Two bodies are said to interact when they push or pull on each other-that is, when a force acts on each body due to the other body. For example, suppose you position a book B so it leans against a crate C (Fig. 5-10a). Then the book and crate interact: There is a horizontal force ${\stackrel{\to }{F}}_{\mathrm{BC}}$ on the book from the crate (or due to the crate) and a horizontal force ${\stackrel{\to }{F}}_{\mathrm{CB}}$ on the crate from the book (or due to the book).This pair of forces is shown in Fig. 5-10b. Newton's third law states that

• Newton's Third Law: When two bodies interact, the forces on the bodies from each other are always equal in magnitude and opposite in direction.

For the book and crate, we can write this law as the scalar relation

FBC = FCB (equal magnitudes)

or as the vector relation

${\stackrel{\to }{F}}_{\mathrm{BC}}$ = ${\stackrel{\to }{\mathrm{-F}}}_{\mathrm{CB}}$ (equal magnitudes and opposite directions), (5-15)

where the minus sign means that these two forces are in opposite directions. We can call the forces between two interacting bodies a third-law force pair. When any two bodies interact in any situation, a third-law force pair is present. The book and crate in Fig. 5-10a are stationary, but the third law would still hold if they were moving and even if they were accelerating.

Figure 5-11 (a) A cantaloupe lies on a table that stands on Earth. (b) The forces on the cantaloupe are ${\stackrel{\to }{F}}_{\mathrm{CT}}$ and ${\stackrel{\to }{F}}_{\mathrm{CE}}$. (c) The third-law force pair for the cantaloupe-Earth interaction. (d) The third-law force pair for the cantaloupe-table interaction.

As another example, let us find the third-law force pairs involving the cantaloupe in Fig. 5-11a, which lies on a table that stands on Earth.

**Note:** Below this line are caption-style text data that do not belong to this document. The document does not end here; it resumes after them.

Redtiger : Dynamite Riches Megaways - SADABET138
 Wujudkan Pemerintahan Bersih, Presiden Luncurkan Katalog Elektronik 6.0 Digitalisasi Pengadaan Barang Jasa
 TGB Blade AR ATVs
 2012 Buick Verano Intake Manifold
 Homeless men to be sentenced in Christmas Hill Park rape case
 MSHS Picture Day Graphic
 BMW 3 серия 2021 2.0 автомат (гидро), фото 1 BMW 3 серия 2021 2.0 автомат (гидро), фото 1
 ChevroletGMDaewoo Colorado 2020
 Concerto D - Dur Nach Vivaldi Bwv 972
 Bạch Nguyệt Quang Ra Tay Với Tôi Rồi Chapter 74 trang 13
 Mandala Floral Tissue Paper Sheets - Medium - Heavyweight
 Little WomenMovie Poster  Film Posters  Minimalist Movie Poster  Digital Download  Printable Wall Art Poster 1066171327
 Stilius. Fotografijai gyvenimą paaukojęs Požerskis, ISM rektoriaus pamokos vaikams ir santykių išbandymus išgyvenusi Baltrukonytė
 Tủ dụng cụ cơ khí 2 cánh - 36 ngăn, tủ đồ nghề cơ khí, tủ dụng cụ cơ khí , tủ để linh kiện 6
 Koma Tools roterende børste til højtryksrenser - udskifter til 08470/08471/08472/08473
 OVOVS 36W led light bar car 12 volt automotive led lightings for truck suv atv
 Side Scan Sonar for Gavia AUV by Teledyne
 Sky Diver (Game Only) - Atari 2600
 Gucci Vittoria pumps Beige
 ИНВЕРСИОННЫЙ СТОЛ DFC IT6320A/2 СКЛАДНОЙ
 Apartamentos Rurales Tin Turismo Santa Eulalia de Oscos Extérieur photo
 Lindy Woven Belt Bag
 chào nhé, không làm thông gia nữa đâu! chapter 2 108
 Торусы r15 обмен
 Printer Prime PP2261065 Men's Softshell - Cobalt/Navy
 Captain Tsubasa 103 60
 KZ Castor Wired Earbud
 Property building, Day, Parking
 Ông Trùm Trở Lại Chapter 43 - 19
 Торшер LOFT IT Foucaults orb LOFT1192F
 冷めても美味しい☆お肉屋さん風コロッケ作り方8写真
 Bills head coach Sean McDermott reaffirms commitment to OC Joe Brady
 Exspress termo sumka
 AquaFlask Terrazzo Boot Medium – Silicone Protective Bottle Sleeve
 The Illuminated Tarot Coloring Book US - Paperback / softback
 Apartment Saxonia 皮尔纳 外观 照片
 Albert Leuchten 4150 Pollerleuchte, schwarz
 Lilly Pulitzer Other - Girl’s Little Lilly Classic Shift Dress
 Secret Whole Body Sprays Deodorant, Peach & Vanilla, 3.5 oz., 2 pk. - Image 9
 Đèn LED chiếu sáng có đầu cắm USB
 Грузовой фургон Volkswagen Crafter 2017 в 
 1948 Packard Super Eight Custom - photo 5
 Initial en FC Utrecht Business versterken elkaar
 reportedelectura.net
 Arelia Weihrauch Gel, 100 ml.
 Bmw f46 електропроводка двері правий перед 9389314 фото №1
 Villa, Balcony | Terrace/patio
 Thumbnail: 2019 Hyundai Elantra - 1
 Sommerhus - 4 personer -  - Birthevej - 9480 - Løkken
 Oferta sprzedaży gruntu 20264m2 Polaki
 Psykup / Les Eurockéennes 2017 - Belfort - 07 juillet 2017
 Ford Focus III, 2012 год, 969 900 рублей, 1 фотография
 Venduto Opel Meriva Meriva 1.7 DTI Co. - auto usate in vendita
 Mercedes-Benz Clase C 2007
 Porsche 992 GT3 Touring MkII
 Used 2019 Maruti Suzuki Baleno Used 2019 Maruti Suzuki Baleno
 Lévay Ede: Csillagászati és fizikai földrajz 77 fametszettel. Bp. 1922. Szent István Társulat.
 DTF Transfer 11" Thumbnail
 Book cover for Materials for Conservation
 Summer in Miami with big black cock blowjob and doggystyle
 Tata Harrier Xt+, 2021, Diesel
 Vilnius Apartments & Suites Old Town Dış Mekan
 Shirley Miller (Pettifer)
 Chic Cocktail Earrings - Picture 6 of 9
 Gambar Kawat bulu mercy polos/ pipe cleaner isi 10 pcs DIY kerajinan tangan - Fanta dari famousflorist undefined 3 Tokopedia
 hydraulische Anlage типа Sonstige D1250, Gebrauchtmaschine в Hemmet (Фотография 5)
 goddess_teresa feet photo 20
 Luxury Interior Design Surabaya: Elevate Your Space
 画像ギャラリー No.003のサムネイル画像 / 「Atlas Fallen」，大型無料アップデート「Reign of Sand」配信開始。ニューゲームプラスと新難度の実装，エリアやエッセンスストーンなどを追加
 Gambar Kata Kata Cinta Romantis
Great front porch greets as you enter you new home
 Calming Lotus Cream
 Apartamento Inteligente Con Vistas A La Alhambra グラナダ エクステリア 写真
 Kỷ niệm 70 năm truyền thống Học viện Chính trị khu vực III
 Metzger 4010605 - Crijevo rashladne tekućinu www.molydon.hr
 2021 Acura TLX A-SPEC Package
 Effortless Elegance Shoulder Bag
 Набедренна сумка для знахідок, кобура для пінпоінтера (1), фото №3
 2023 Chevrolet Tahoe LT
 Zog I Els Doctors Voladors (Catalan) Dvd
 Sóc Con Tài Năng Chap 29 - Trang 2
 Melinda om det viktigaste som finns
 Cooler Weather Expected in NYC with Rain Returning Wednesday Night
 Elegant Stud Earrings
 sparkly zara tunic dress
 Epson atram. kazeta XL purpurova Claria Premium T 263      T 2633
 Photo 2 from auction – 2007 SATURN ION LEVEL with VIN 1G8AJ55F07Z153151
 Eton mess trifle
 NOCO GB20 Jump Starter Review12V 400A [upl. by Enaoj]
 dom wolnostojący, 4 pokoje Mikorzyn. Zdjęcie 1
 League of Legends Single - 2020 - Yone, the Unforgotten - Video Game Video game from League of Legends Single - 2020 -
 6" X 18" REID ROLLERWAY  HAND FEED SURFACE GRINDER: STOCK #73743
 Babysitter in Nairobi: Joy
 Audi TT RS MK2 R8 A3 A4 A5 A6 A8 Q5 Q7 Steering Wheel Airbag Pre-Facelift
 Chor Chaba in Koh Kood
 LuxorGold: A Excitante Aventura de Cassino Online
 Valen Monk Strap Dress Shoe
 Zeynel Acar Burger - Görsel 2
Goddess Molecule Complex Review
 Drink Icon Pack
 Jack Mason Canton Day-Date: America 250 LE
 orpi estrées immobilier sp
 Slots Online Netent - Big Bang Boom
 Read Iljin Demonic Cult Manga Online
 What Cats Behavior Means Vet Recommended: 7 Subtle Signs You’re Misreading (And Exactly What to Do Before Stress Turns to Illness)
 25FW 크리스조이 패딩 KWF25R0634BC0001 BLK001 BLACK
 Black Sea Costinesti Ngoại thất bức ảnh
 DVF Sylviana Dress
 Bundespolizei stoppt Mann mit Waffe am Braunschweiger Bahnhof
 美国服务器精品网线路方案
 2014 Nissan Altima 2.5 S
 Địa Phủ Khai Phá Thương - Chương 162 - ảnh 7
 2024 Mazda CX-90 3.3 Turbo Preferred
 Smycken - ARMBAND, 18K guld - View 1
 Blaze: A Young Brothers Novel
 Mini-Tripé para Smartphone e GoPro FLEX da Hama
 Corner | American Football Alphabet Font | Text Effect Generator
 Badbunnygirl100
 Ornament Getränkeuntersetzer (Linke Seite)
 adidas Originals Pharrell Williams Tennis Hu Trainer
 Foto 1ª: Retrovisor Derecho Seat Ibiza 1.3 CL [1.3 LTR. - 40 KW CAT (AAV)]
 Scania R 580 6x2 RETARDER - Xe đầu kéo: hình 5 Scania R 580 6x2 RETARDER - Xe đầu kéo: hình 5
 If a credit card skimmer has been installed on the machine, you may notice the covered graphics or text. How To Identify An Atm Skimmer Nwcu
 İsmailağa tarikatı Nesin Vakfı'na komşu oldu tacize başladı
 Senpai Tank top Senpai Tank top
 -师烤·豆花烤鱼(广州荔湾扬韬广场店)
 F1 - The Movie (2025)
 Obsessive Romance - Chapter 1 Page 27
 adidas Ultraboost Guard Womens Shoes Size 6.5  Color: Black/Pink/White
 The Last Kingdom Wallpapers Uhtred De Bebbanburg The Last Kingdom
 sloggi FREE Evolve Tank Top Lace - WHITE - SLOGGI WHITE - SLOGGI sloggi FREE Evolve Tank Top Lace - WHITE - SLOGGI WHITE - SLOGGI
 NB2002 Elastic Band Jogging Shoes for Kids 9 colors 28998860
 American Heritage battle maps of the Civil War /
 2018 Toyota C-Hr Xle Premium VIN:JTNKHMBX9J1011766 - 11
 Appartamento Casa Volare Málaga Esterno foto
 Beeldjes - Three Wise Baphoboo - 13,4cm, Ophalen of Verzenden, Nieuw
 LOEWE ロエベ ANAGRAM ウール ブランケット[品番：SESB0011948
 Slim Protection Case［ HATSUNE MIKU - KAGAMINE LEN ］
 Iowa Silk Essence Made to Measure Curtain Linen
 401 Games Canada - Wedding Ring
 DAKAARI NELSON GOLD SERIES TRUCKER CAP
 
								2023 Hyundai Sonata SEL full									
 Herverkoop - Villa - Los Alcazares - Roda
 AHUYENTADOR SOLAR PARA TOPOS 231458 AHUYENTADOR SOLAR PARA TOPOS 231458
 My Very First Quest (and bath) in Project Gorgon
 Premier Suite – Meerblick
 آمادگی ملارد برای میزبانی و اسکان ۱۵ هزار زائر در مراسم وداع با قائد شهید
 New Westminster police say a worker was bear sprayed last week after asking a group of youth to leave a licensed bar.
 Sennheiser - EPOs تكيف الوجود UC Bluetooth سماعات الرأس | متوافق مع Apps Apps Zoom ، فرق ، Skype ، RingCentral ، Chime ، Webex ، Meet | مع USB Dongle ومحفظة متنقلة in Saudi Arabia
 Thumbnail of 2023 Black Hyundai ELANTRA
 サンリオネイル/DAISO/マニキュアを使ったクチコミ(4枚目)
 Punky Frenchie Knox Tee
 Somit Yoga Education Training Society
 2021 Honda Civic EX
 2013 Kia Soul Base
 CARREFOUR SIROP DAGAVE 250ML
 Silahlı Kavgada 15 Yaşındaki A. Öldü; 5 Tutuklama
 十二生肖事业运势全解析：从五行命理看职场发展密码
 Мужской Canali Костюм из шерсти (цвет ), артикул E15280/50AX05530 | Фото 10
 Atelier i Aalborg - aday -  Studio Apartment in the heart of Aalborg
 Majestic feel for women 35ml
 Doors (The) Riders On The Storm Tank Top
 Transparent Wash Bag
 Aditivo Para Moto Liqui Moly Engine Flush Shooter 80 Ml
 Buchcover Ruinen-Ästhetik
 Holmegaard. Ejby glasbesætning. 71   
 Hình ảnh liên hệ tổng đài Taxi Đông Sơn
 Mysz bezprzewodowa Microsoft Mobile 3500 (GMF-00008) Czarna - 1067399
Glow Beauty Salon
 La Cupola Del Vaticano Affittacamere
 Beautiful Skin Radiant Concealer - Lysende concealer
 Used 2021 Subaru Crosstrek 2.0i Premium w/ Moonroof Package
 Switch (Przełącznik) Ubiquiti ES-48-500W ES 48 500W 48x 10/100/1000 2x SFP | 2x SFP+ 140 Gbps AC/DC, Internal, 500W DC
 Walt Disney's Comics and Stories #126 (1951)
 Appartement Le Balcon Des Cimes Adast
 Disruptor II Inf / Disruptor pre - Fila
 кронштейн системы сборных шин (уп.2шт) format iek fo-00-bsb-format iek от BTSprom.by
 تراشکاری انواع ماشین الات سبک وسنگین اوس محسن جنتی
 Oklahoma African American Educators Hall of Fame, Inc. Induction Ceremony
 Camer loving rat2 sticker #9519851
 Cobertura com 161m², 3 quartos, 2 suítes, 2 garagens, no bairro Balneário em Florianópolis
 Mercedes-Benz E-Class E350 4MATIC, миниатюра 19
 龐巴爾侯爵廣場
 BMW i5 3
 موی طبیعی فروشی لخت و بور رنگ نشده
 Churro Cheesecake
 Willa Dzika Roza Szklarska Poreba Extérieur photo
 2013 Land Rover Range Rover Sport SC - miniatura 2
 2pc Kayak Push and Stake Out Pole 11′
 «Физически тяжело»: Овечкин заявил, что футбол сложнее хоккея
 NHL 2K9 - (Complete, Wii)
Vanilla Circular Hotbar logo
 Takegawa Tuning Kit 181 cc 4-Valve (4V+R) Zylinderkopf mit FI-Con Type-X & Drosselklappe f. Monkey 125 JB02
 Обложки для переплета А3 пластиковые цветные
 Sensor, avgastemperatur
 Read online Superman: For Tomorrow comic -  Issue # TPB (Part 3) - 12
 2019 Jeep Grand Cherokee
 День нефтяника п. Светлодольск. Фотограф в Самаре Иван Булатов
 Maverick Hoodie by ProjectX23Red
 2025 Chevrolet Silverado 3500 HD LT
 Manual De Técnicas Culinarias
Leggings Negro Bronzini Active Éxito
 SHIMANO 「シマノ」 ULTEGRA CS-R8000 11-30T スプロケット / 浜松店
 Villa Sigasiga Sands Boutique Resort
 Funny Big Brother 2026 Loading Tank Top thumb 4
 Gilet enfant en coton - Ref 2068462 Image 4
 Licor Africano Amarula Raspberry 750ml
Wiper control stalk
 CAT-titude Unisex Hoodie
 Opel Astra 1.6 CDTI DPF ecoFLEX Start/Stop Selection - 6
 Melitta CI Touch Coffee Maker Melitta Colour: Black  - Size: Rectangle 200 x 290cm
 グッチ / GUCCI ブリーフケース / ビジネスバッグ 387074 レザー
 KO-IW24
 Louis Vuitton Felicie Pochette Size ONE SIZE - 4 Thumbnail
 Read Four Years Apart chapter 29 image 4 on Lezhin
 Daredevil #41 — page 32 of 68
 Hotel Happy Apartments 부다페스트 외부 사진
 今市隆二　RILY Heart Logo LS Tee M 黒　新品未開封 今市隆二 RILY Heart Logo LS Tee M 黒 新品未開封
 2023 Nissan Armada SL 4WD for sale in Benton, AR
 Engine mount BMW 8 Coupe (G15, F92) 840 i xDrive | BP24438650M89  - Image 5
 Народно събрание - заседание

The cantaloupe interacts with the table and with Earth (this time, there are three bodies whose interactions we must sort out).

Let's first focus on the forces acting on the cantaloupe (Fig. 5-11b). Force ${\stackrel{\to }{F}}_{\mathrm{CE}}$ is the normal force on the cantaloupe from the table, and force ${\stackrel{\to }{F}}_{\mathrm{CT}}$ is the gravitational force on the cantaloupe due to Earth. Are they a third-law force pair? No, because they are forces on a single body, the cantaloupe, and not on two interacting bodies.

To find a third-law pair, we must focus not on the cantaloupe but on the interaction between the cantaloupe and one other body. In the cantaloupe-Earth interaction (Fig. 5-11c), Earth pulls on the cantaloupe with a gravitational force ${\stackrel{\to }{F}}_{\mathrm{CE}}$ and the cantaloupe pulls on Earth with a gravitational force ${\stackrel{\to }{F}}_{\mathrm{EC}}$. Are these forces a third-law force pair? Yes, because they are forces on two interacting bodies, the force on each due to the other.Thus, by Newton's third law,

${\stackrel{\to }{F}}_{\mathrm{CE}}$ = ${\stackrel{\to }{F}}_{\mathrm{EC}}$ (cantaloupe-Earth interaction).

Next, in the cantaloupe-table interaction, the force on the cantaloupe from the table is ${\stackrel{\to }{F}}_{\mathrm{CT}}$ and, conversely, the force on the table from the cantaloupe is ${\stackrel{\to }{F}}_{\mathrm{TC}}$ (Fig. 5-11d).These forces are also a third-law force pair, and so

${\stackrel{\to }{F}}_{\mathrm{CT}}$ = ${\stackrel{\to }{\mathrm{-F}}}_{\mathrm{TC}}$ (cantaloupe-table interaction).

Checkpoint Suppose that the cantaloupe and table of Fig. 5-11 are in an elevator cab that begins to accelerate upward. (a) Do the magnitudes of ${\stackrel{\to }{F}}_{\mathrm{CT}}$ and ${\stackrel{\to }{F}}_{\mathrm{TC}}$ increase, decrease, or stay the same? (b) Are those two forces still equal in magnitude and opposite in direction? (c) Do the magnitudes of ${\stackrel{\to }{F}}_{\mathrm{CE}}$ and ${\stackrel{\to }{F}}_{\mathrm{EC}}$ increase,decrease,or stay the same? (d) Are those two forces still equal in magnitude and opposite in direction?

Answers: (a) increase; (b) yes; (c) same; (d) yes